The drama continues at Unilever PLC as, following its abortive bid for Glaxo’s healthcare division, it was revealed that US investor Nelson Peltz has taken a stake in the company. Shares in the food producer rose 6% on news that the activist shareholder has built up a holding in the owner of Marmite and Magnum ice cream via his vehicle, Trian. Peltz is known for taking a position at Unilever rival Procter & Gamble and working with the management to make improvements after a long-running battle to secure a seat on the board.
A major setback
Unilever is licking its wounds post three failed bids – the final one worth £50bn – for Glaxo'shealthcare arm, which includes Sensodyne and Advil. Chief executive Alan Jope insisted the business was a “strong strategic fit” and that it would create new opportunities in emerging markets.
He told investors that Unilever’s future lies in “materially expanding its presence in health, beauty, and hygiene,” which he believes offers “higher rates of sustainable market growth.”
However, Glaxo and Pfizer Inc (All Sessions), who own the healthcare business, and Unilever’s investors had other ideas.
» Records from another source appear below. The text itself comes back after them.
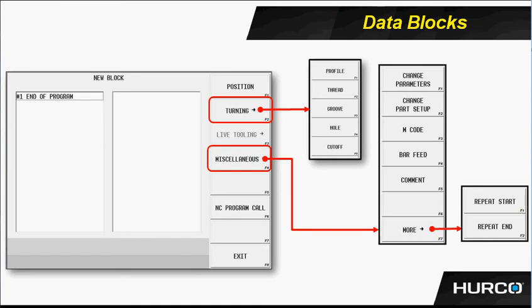Under grooving, we would have things like OD grooves, ID groove, face grooving, and also the cutoff can be considered a grooving cycle as well. And there you can see that there's a separate menu down at the bottom for that.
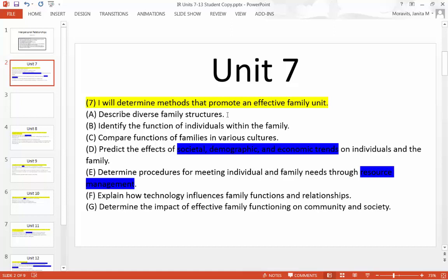F says: explain how technology influences family functions and relationships. You guys already have a background in that. How does technology affect those relationships? Does it bring people closer or tear them apart? What are the good things about it and the bad things? Technology has a huge influence — it's both positive and negative. You might want to list some positives that technology does for the family and list some negatives.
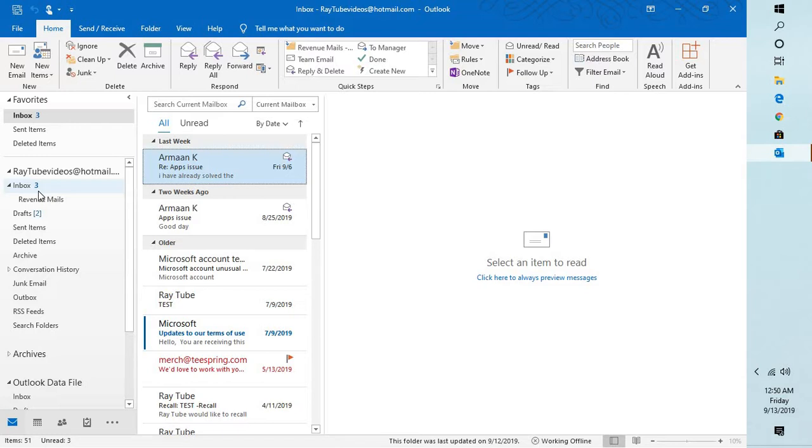This is how you can fix the problem if your Outlook crashes when you select a particular folder. In case the issue is not resolved, please leave me a comment in the comment section.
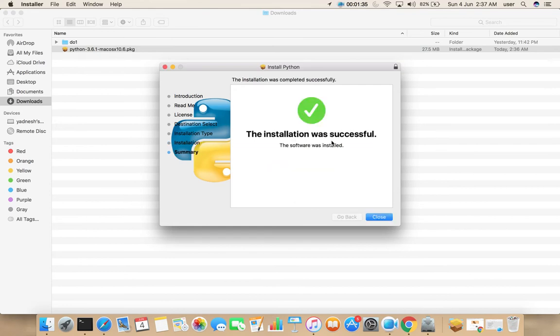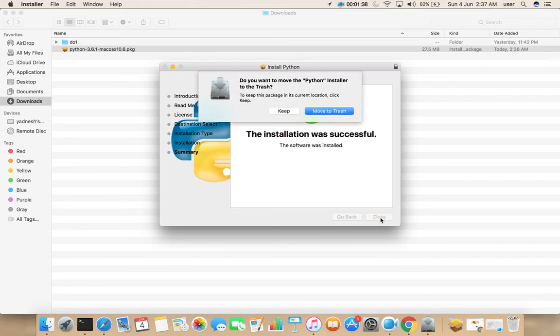Installation successful. Let me close. So here it's asking do you want to move Python installer to the trash, so I am going to keep it.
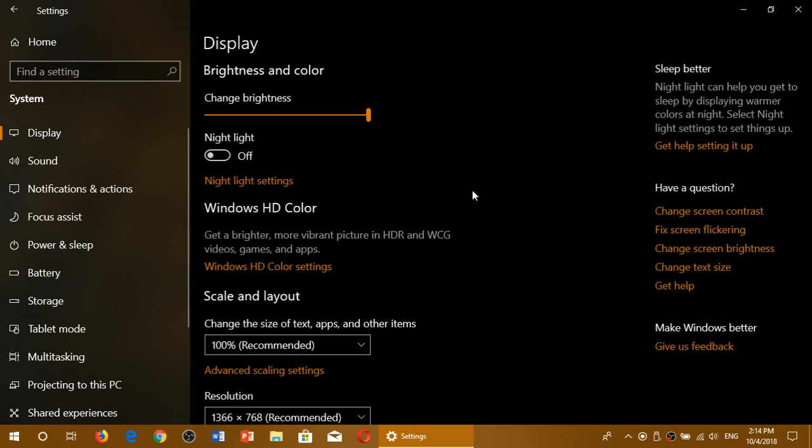but you will have a brighter and more vibrant picture with high dynamic range displays.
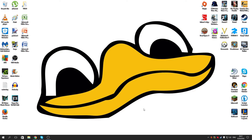Hey guys, what's up, it's Leon here, back again with another video tutorial. This time, on how to clean up your desktop.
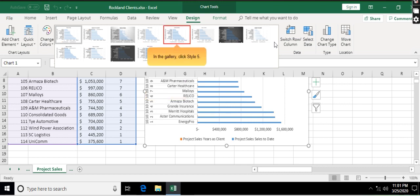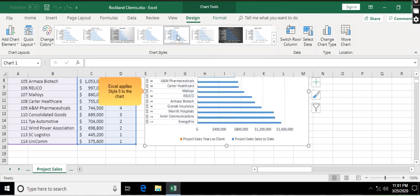In the gallery, click Style 5. Excel applies Style 5 to the chart.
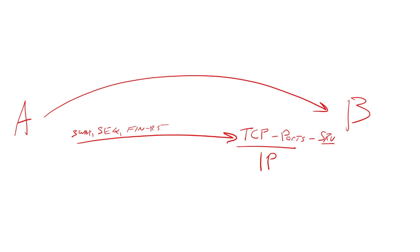Once you do the three-way handshake, you can then talk to the application layer. We don't spend a lot of time in the networking world looking at the application layer. We just kind of lumped together five through seven.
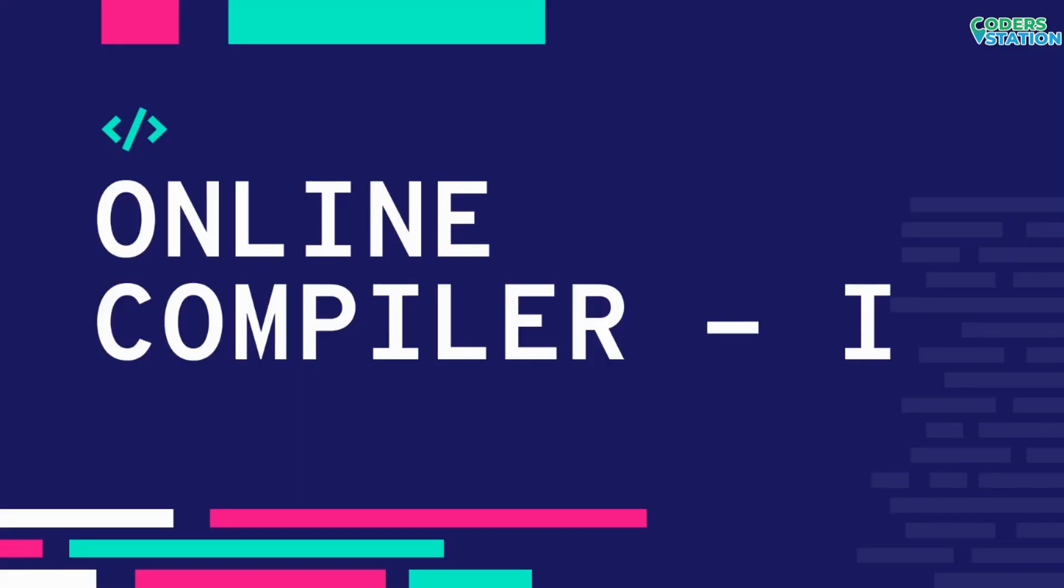Hey guys, welcome back to Coda Station. I hope you are enjoying this series on C programming language. Today in this video, I will show you how you can write and execute C programs on an online compiler.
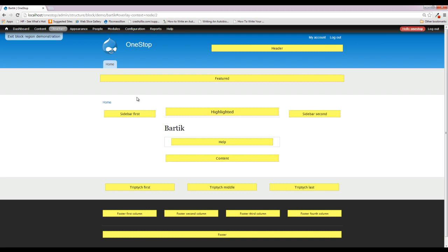So, as we progress forward and download more themes, you'll know that these content regions will change, which also may be a specific reason as to why you download a particular theme. Because its content regions may match what you need better than another. But that is the overview to the Drupal block system.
Glaxo’s board said the bids “fundamentally undervalued” its business, while Unilever’s shareholders had concerns over the scale and workability of the deal, which would have been one of the biggest ever seen in the London market.
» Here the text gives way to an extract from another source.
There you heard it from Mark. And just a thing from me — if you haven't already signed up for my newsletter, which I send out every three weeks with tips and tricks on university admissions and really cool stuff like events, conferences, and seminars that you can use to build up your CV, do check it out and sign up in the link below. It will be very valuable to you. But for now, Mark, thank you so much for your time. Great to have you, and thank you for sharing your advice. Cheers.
Fund manager Terry Smith described the failed deal as a “near-death experience, while analysts at Bernstein Bank predicted it would deliver £10bn of “value destruction” for shareholders.
Unilever shares dropped to a year low of 3516p – down 32% since 2019.
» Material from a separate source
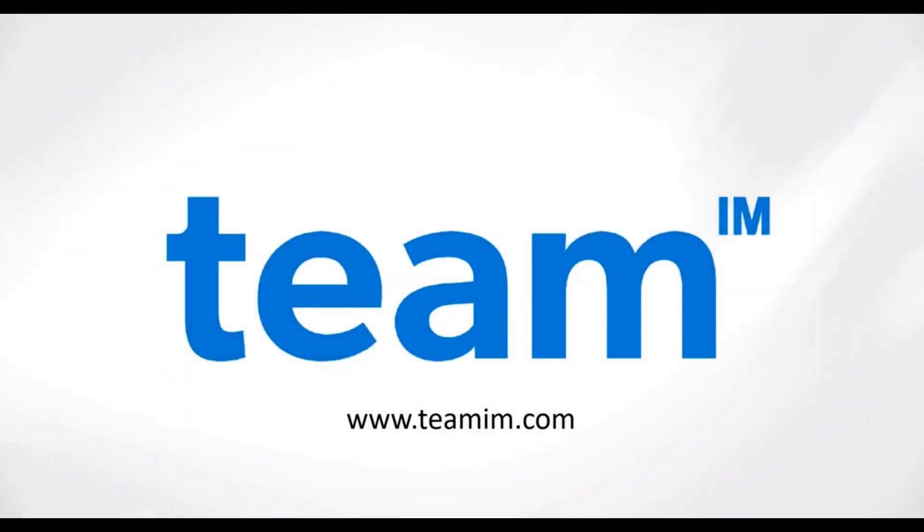For more information about Dropbox Sign for Procore, please visit www.teamim.com.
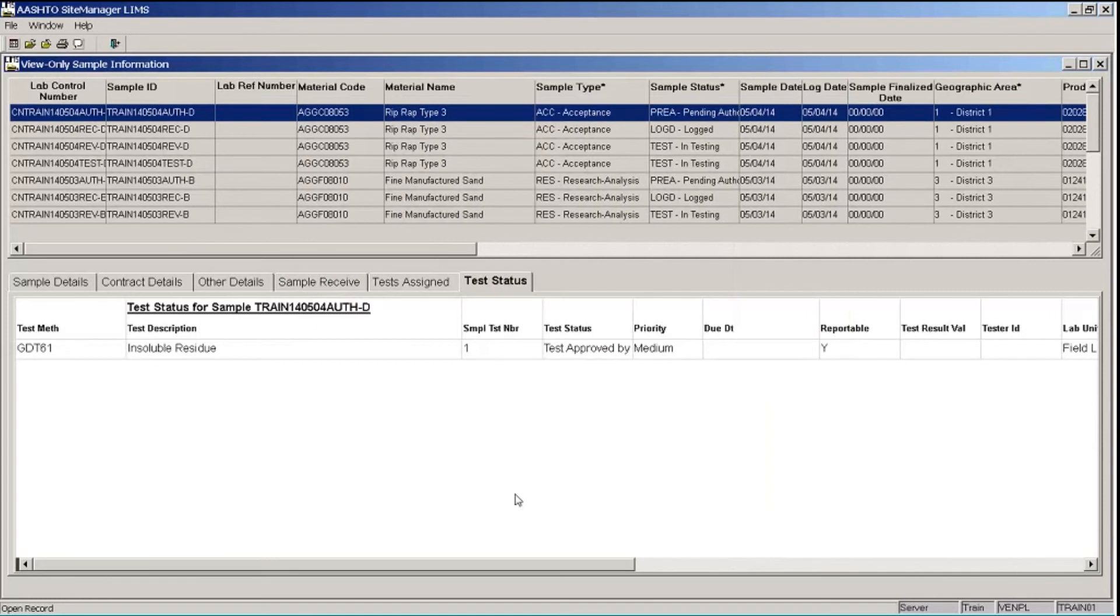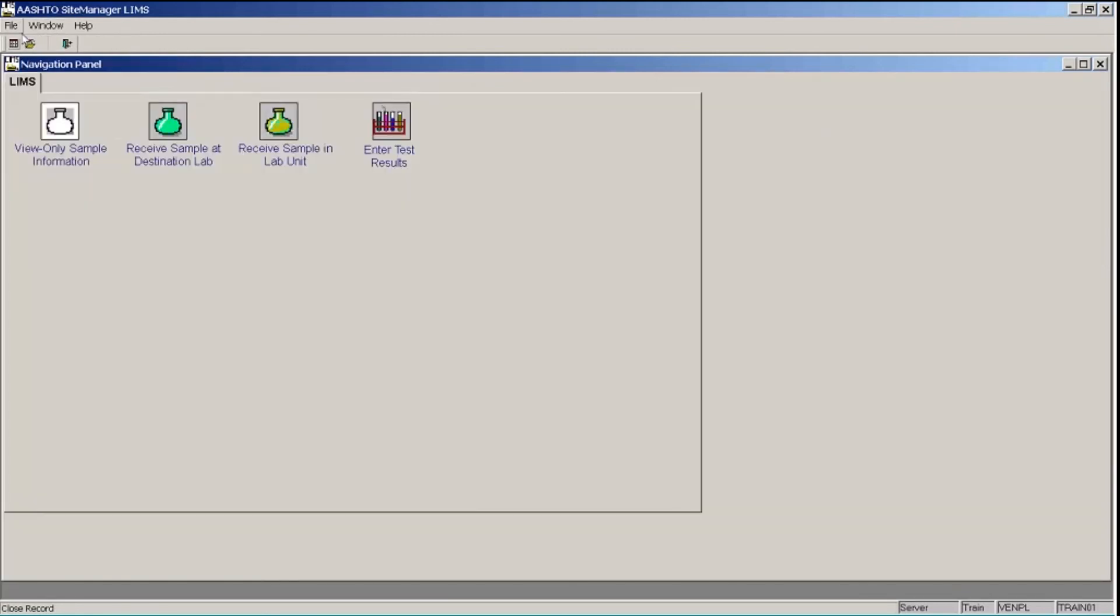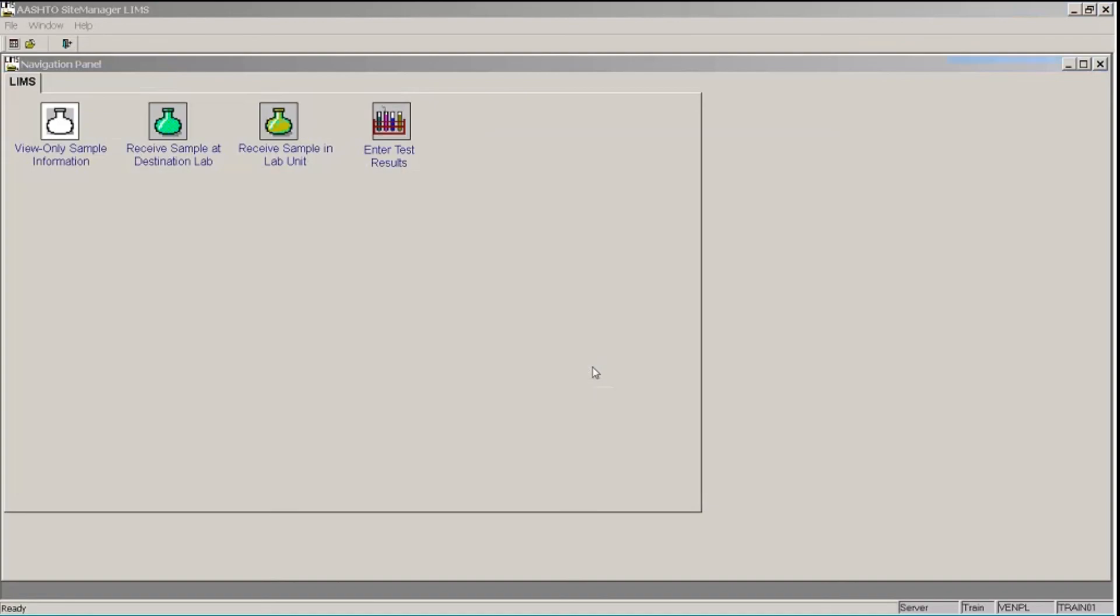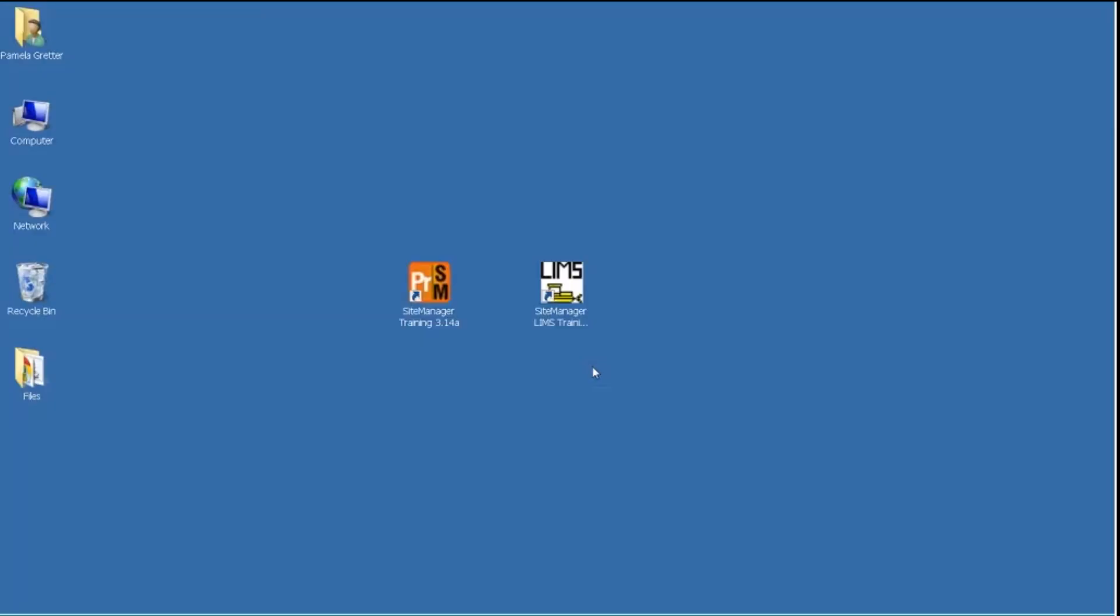So we have reviewed the sample records that I wanted to look at, so now I have finished this exercise and I'm ready to close my window and exit Site Manager. I'll click the Close button on the toolbar, and the File menu, Exit Application, and the Yes button.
Where does Unilever go from here?
Jope says he is “committed to accelerating the company’s growth and repositioning the portfolio into higher growth categories.” In the meantime, he has announced it is to restructure, cutting 1500 jobs worldwide, including 15% of senior management and 5% of junior management positions. It is axing its matrix structure and reorganising around five business groups: beauty and wellbeing, personal care, home care, nutrition and ice cream.
“Moving to five category-focused business groups will enable us to be more responsive to consumer and channel trends, with crystal-clear accountability for delivery,” said Jope. “Growth remains our top priority and these changes will underpin our pursuit of this.”
But will this be enough to placate shareholders? Recovering some ground to 3820p, the shares have lost 26% of their value since peaking at 5196p in August 2019.
Love them or hate them, activist investors can sometimes lead change. Could Unilever’s investors see Peltz work his magic? After the activist hedge fund manager took a stake in Procter & Gamble in 2018, and the share price doubled from around 75p to 150p by 2020.
Martin Deboo, analyst at Jefferies, expects Trian to push for breaking up parts of Unilever and spinning them out. “We have long been of the view that the right path to unlock value at Unilever is via a faster rate of disposals from its slow-growing foods businesses, or a separation between foods and household and personal care, via a sale or spin [out],” he said in a note, adding that the “fox would now appear to be inside the henhouse.”
Meanwhile, analysts at Barclays said in a note, “from Unilever’s perspective, the status quo is not an option. It would seem that the stars are aligning with both Unilever management and an activist pushing for more urgency.”
With fourth quarter figures due on February 10th, investors could find out more soon.